This document is relevant for: Inf2, Trn1, Trn1n

Training with Tensor Parallelism (neuronx-distributed )#

Keeping the above changes made in Developer guide, let’s now run an end-to-end training with tensor-parallelism. This section is adopted from BERT pretraining tutorial which used data-parallel training to scale the throughput. In this section we modify that tutorial to showcase the use of tensor-parallelism which should enable us to scale the size of the model.

Setting up environment:

For this experiment, we will use a trn1-32xl machine with the storage set to 512GB at least. Follow the instructions mentioned here: Install PyTorch Neuron on Trn1. It is recommended to work out of python virtual env so as to avoid package installation issues.

We also have to install the neuronx-distributed package using the following command:

python -m pip install neuronx_distributed --extra-index-url https://pip.repos.neuron.amazonaws.com

Make sure the transformers version is set to 4.26.0

Let’s download the scripts and datasets for pretraining.

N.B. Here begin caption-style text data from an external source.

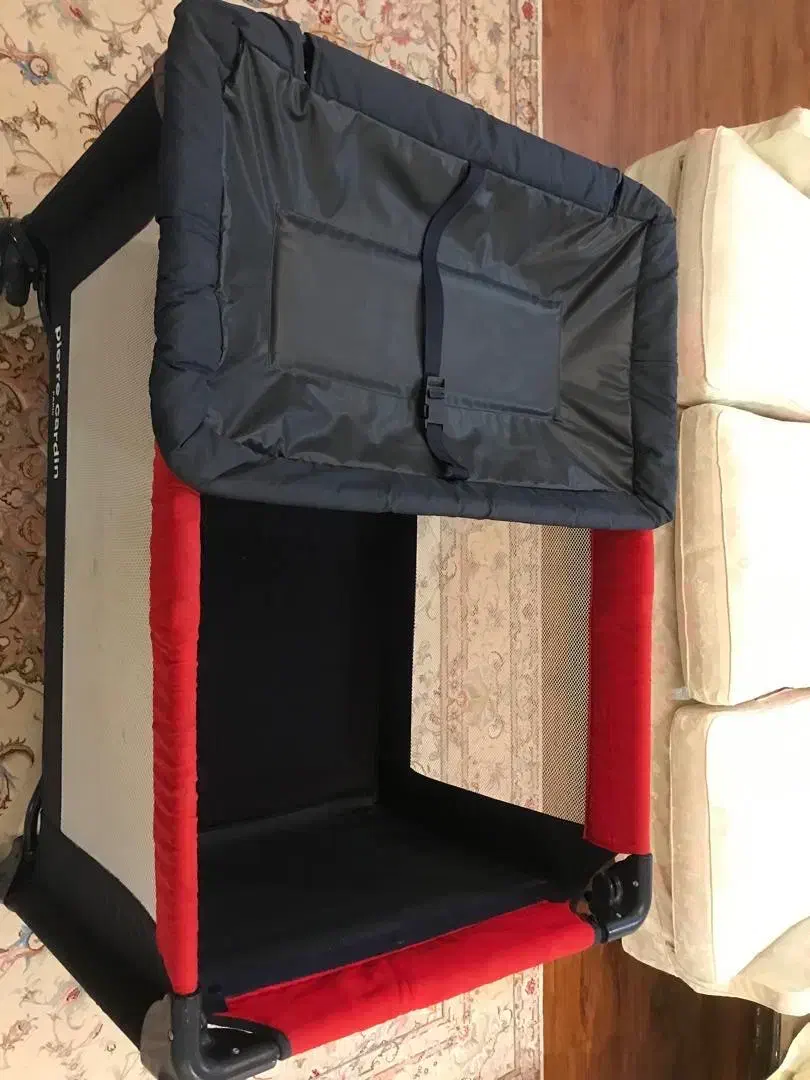 تخت و پارک برند پیرکاردین پاریس|تخت و صندلی بچه|تهران, پاسداران|دیوار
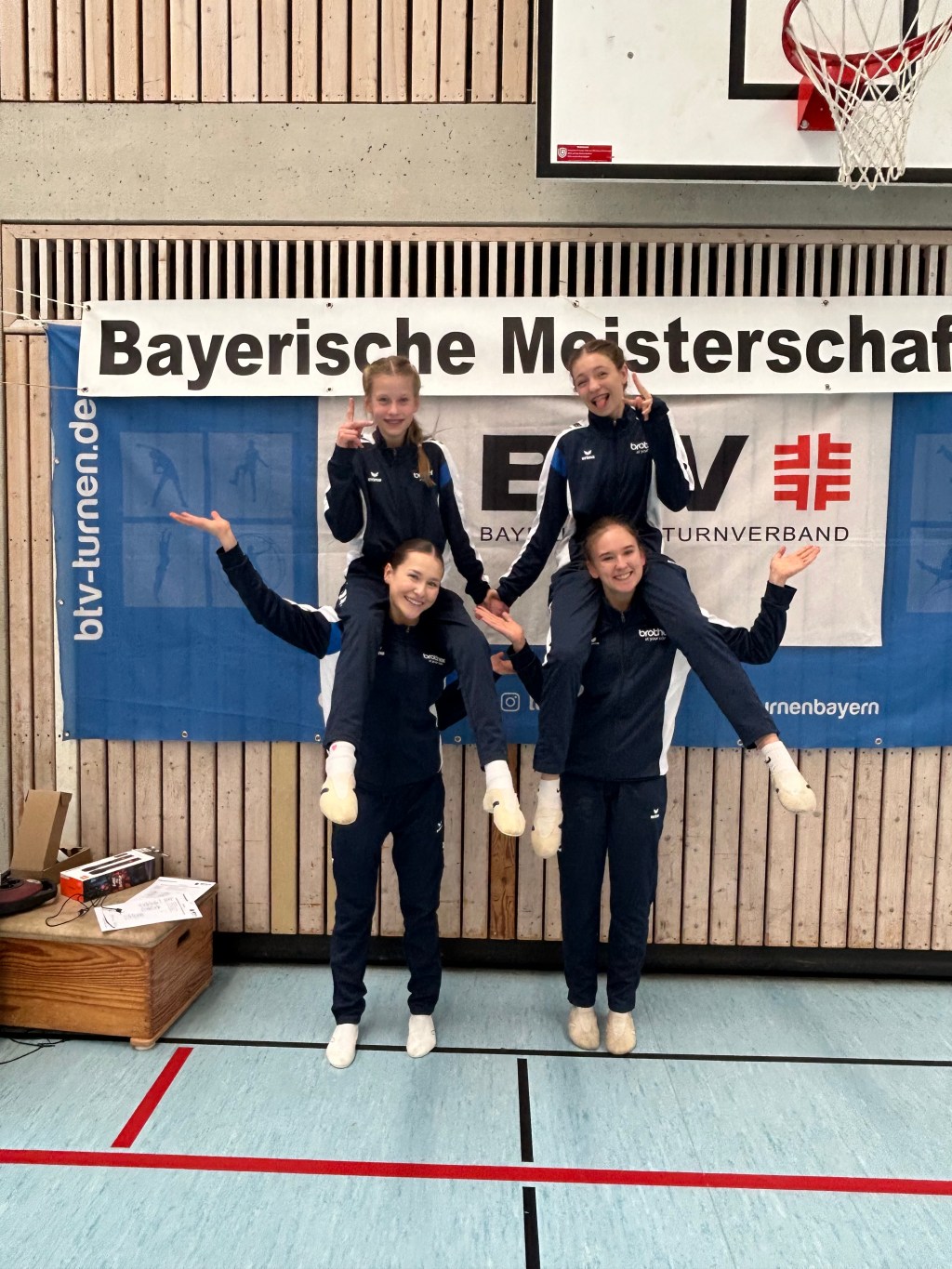 Turnerinnen des ASV Rimpar bei den Bayerischen Meisterschaften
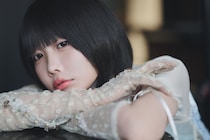 「自分らしさは流動的でいい」あのちゃん初の哲学書は幸せの定義に戸惑う大人にも刺さる【インタビュー】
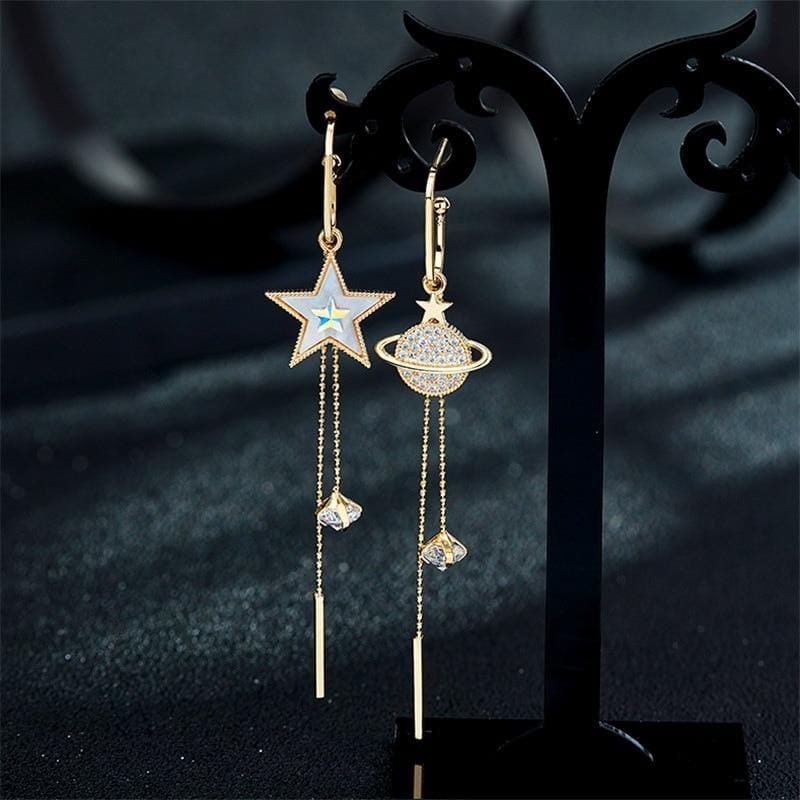 Yu Fashions Star Moon Globe Earth Asymmetrical High Fashion Korean Earrings Pair
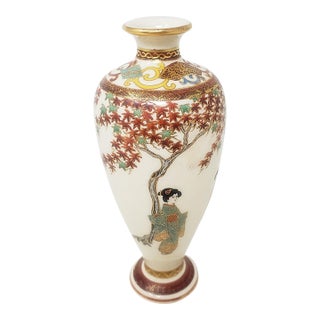 Antique Japanese Satsuma 6" Vase - Late Meiji Era - Geisha - Attendant - Tree - Leaves For Sale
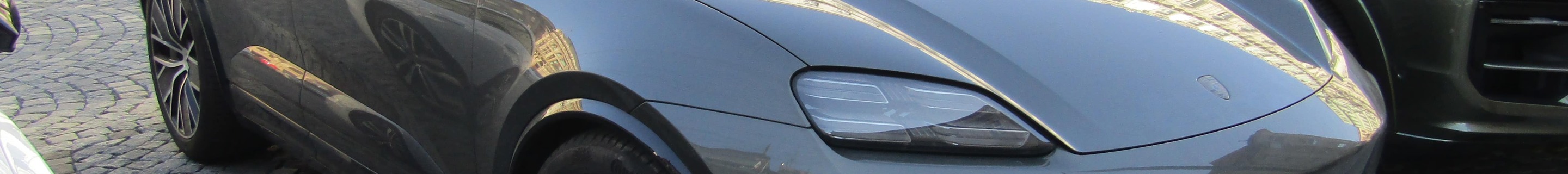 Porsche Macan EV Turbo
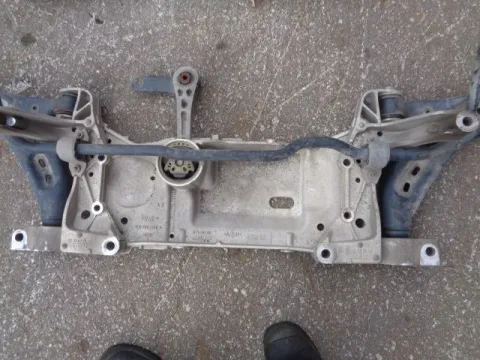 Γέφυρα Εμπρός Οριζόντια για VW GOLF (2009 - 2013) Mk6 (5K1) *ΔΒ* ΠΑΛΕΤΑ 129 *197054* Γέφυρα Εμπρός Οριζόντια για VW GOLF (2009 - 2013) Mk6 (5K1) *ΔΒ* ΠΑΛΕΤΑ 129 *197054*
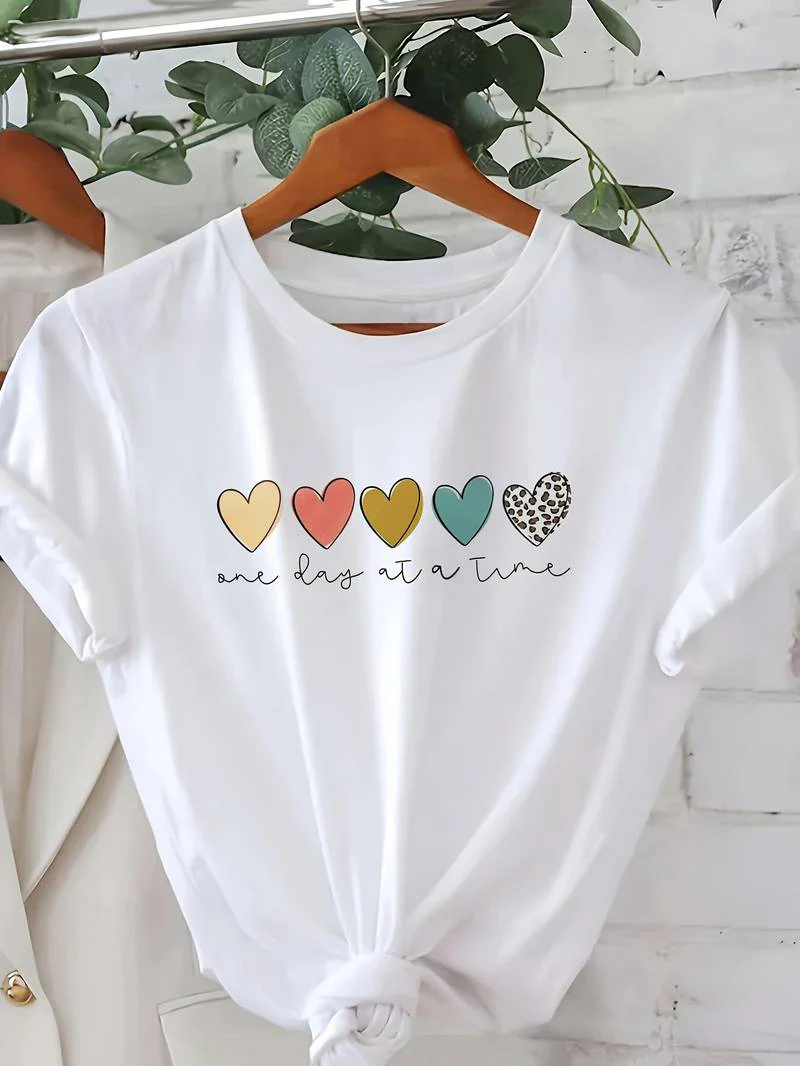 T-shirt imprimé cœur pour femme - Tenue décontractée confortable et élégante pour tous les jours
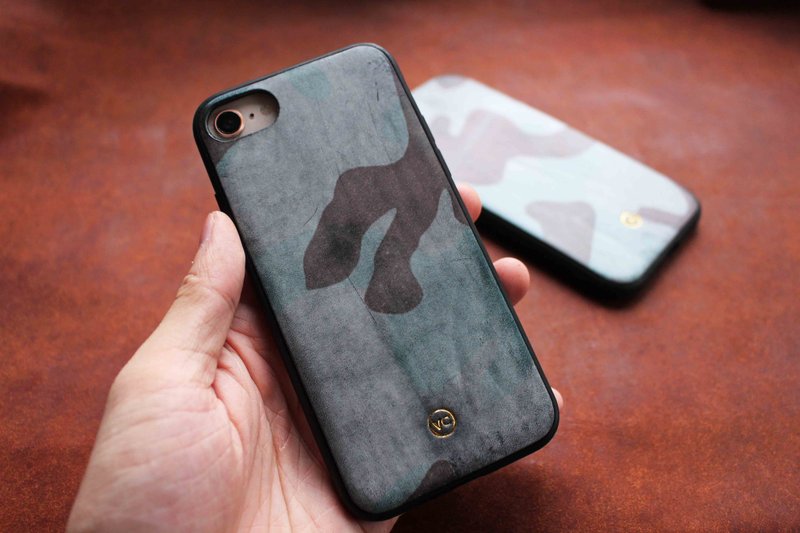【VULCAN 輕薄款手機殼】iPhone 12 各型號適用 迷彩擦蠟植鞣 防摔 - 手機殼/手機套 - 真皮 藍色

mkdir -p ~/examples/tp_dp_bert_hf_pretrain
cd ~/examples/tp_dp_bert_hf_pretrain
wget https://raw.githubusercontent.com/aws-neuron/neuronx-distributed/master/examples/training/tp_dp_bert_hf_pretrain/tp_dp_bert_large_hf_pretrain_hdf5.py
wget https://raw.githubusercontent.com/aws-neuron/neuronx-distributed/master/examples/training/tp_dp_bert_hf_pretrain/requirements.txt
python3 -m pip install -r requirements.txt

Next let’s download the tokenizer and the sharded datasets:

mkdir -p ~/examples_datasets/
pushd ~/examples_datasets/
aws s3 cp s3://neuron-s3/training_datasets/bert_pretrain_wikicorpus_tokenized_hdf5/bert_pretrain_wikicorpus_tokenized_hdf5_seqlen128.tar .  --no-sign-request
tar -xf bert_pretrain_wikicorpus_tokenized_hdf5_seqlen128.tar
rm bert_pretrain_wikicorpus_tokenized_hdf5_seqlen128.tar
popd

At this point, you are all set to start training

Running training

We first pre-compile the graphs using the neuron_parallel_compile. This process is similar to one discussed in the BERT pretraining tutorial . Let’s run the command below:

cd ~/examples/tp_dp_bert_hf_pretrain
neuron_parallel_compile XLA_DOWNCAST_BF16=1 torchrun --nproc_per_node=32 \
tp_dp_bert_large_hf_pretrain_hdf5.py \
--tensor_parallel_size 8 \
--steps_this_run 10 \
--batch_size 64 \
--grad_accum_usteps 64 |& tee compile_log.txt

This script uses a tensor-parallel size of 8. This will automatically set the data-parallel degree to 4 (32 workers / tensor_parallel_size). Once the graphs are compiled we can now run training and observe our loss go down. To run the training, we just the above command but without neuron_parallel_compile.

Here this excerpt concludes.